Autumn in Venice: Ernest Hemingway and His Last Muse
Autumn in Venice by Andrea di Robilant tells a fascinating true tale about Ernest Hemingway and His Last Muse. The story follows Hemingway across the globe before and after he met a young Venetian woman, Adriana, who was thirty years younger than him. They became infatuated with each other, and Adriana met with him privately and sometimes followed along in his globe-spanning entourage. He is married to his last wife, Mary Welsh, during the time and is in a low point in his career after the monumental early career successes of The Sun Also Rises (1926), A Farewell to Arms (1929), and For Whom the Bell Tolls (1940). She is known to be his inspiration for Renata in Across the River into the Trees (1950) and was still in contact with him when he reached stardom and fortune again with The Old Man and the Sea (1952).

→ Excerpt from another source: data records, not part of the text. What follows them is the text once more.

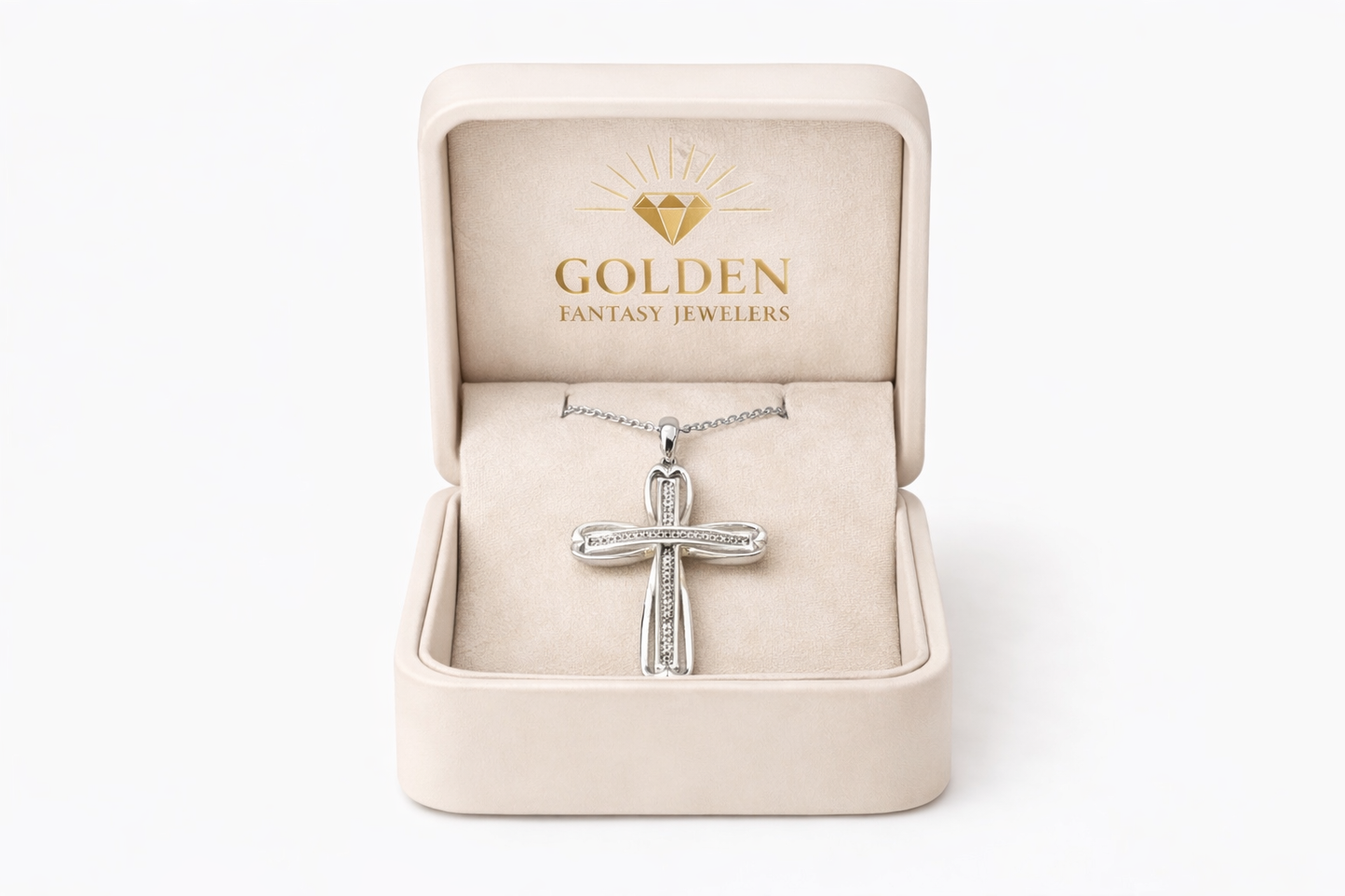 Sterling Silver Cross Charm 0.15 ct Natural Diamond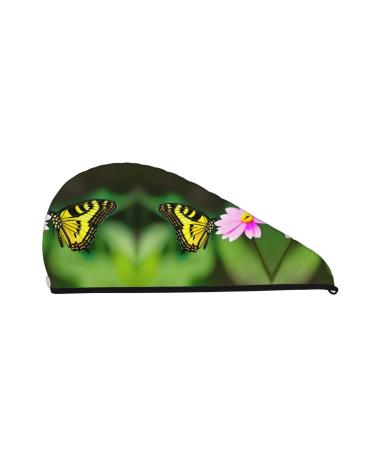 Spring Floral Butterfly Coral Velvet Dry Hair Cap Unisex Wet Towel Wrap The Ideal Bathroom Pool Party Beach and Home Accessory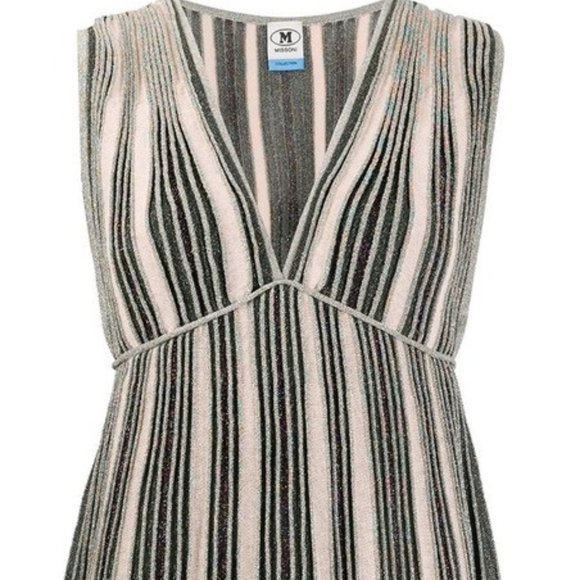 ✅ NWT M Missoni Collection Metallic Striped Dress Size 44 (IT) = US8 $650 NWT's - Picture 3 of 14
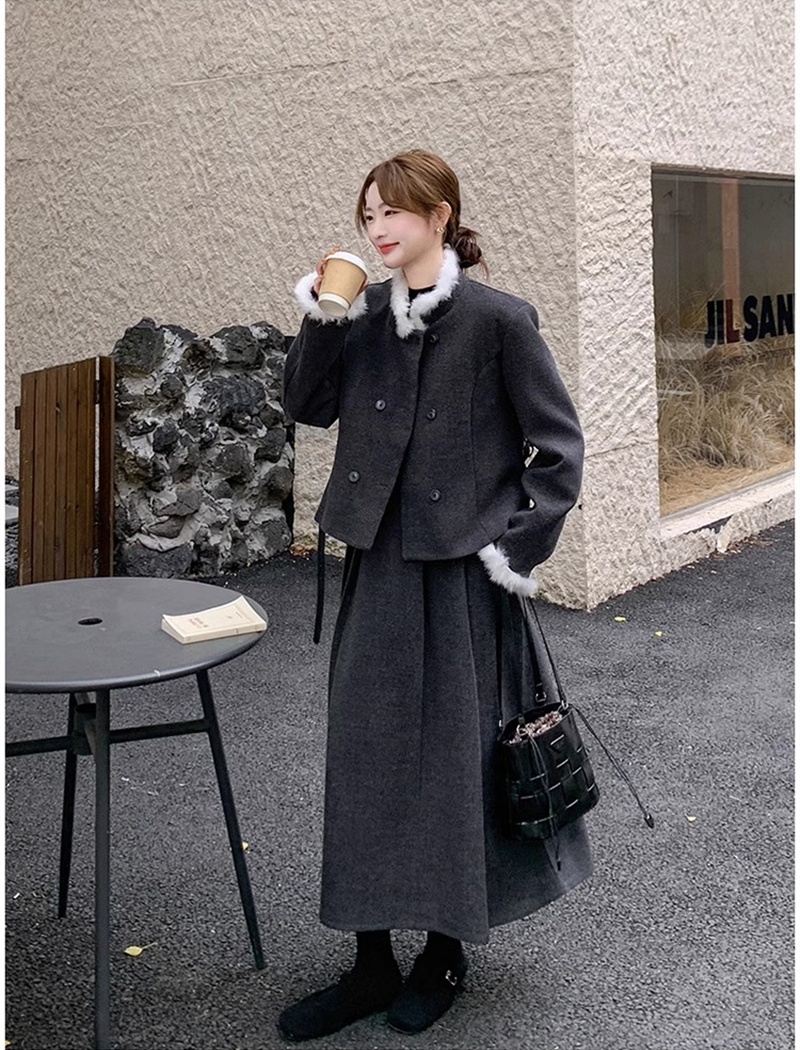 Thick autumn and winter skirt 2pcs set for women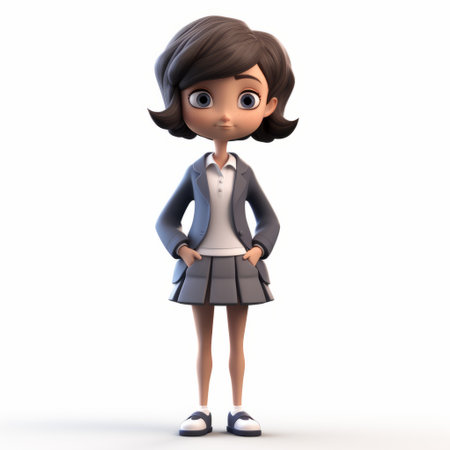a 3d model of a schoolgirl is depicted in this photo, showcasing a cartoonish character design with figurative textures. the playful yet sophisticated style captures the essence of a spanish school setting. rendered in maya, the model exudes understated sophistication, highlighted by the shiny eyes. ai generatedの素材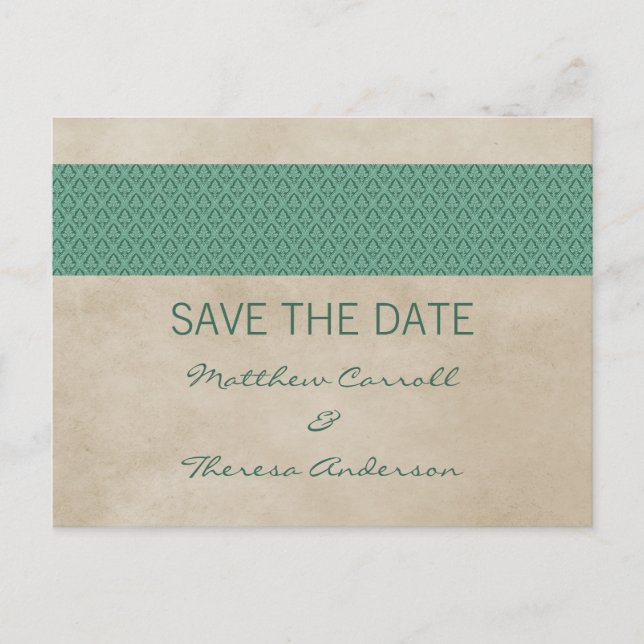 Green Rustic Damask Save the Date Postkarte (Vorderseite)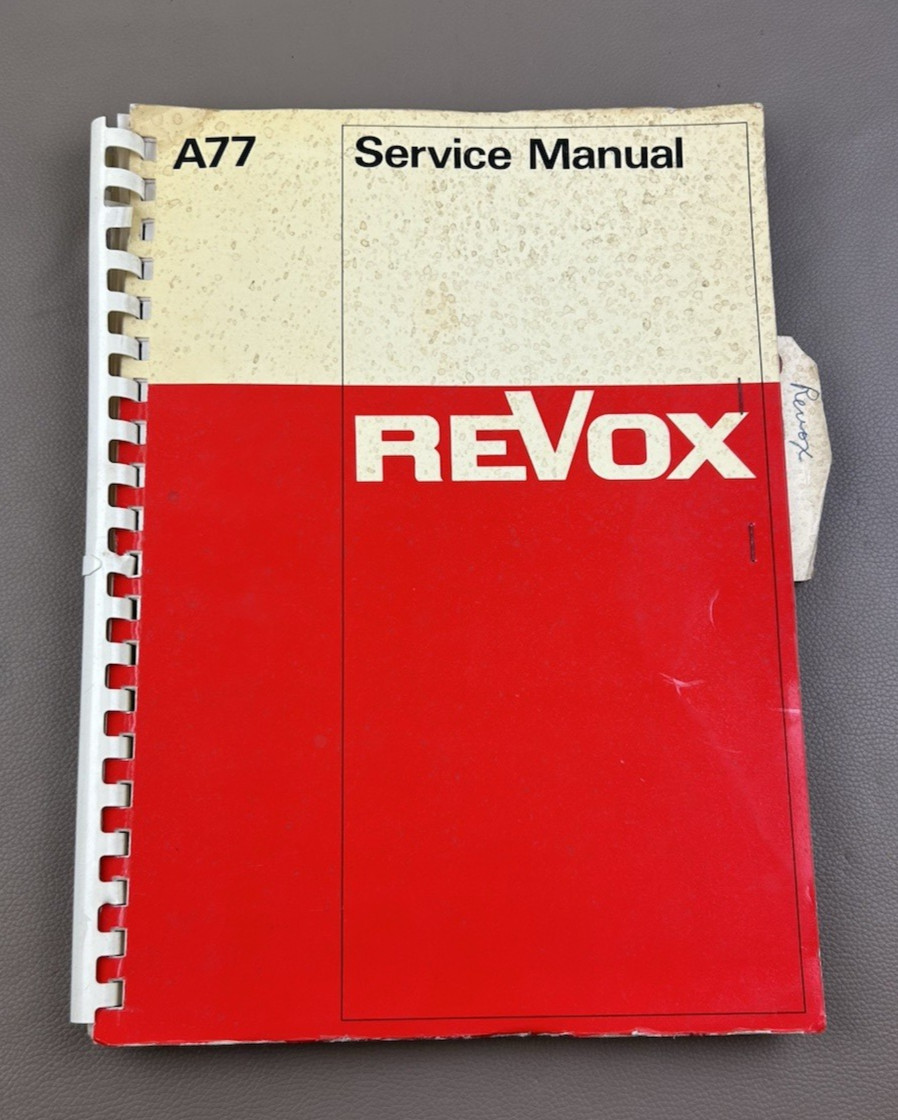 Revox A77 Reel to Reel Service Manual D-1257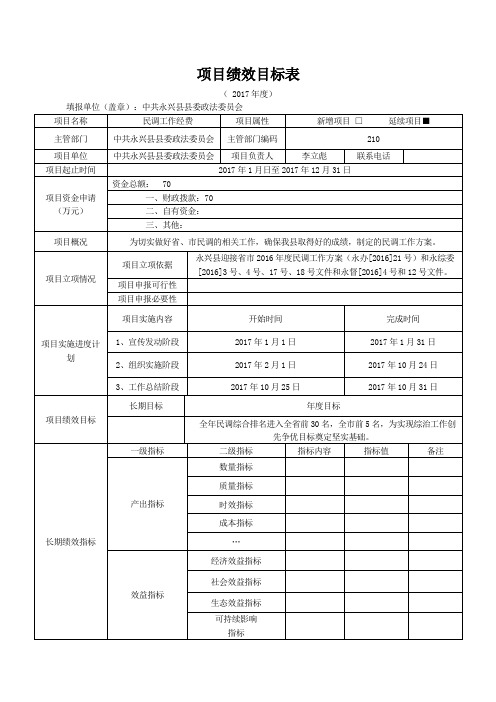 项目绩效目标表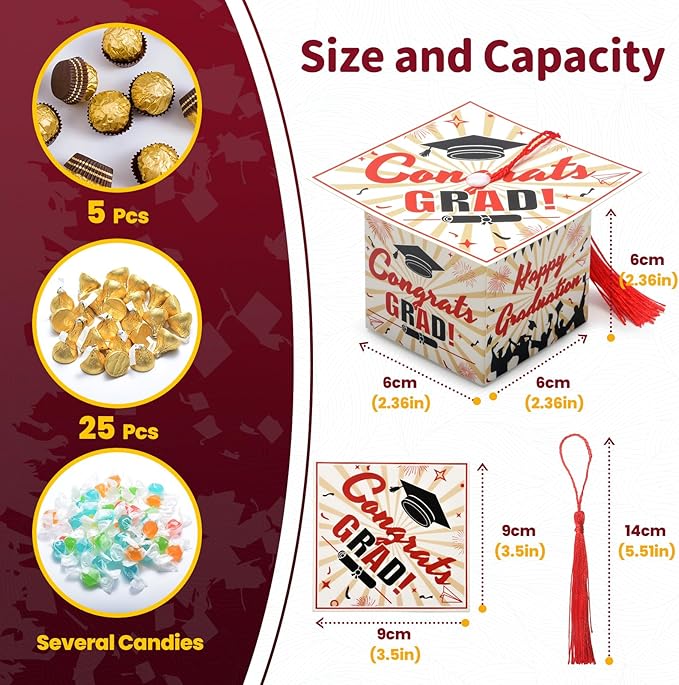 COTOPHER 36 Pack Mini Graduation Cap Gift Boxes, Class of 2025 Graduation Candy Boxes with Tassel, Small Treat Chocolate Box Centerpieces for Tables Party Decorations Graduate Favors Supplies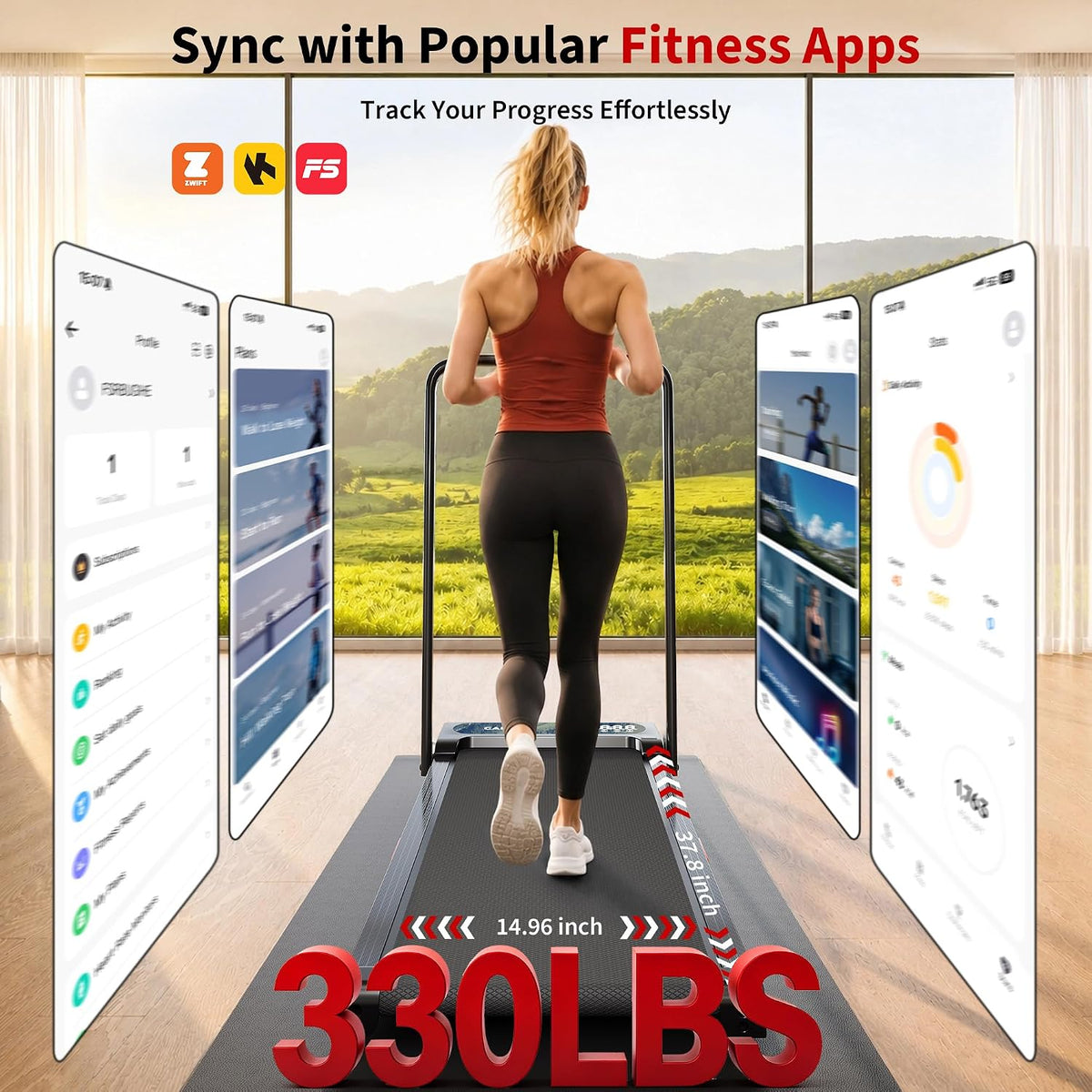 Riedhoff Folding Walking Pad Treadmill for Home, 3.0 HP Under Desk Treadmill with Smart APP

Robilant tells a very detailed slow story of their involvement and the final chapters in Hemingway’s life and career. He had marriage problems, they were at times insufferable, but they forgave, and he found some more fun and inspiration with this young woman. He never had a daughter, and called her daughter at times, like Richard Cantwell does with Renata in Across the River and Into the Trees, but they broke off and Adriana married others and had two boys with another. Here, one finds the travelogue of their attachments and a time where a writer could be as famous as an actor. Sad endings in this tale to be expected, but a great celebration of artistic and personal and interpersonal struggles, and the exciting world of the times.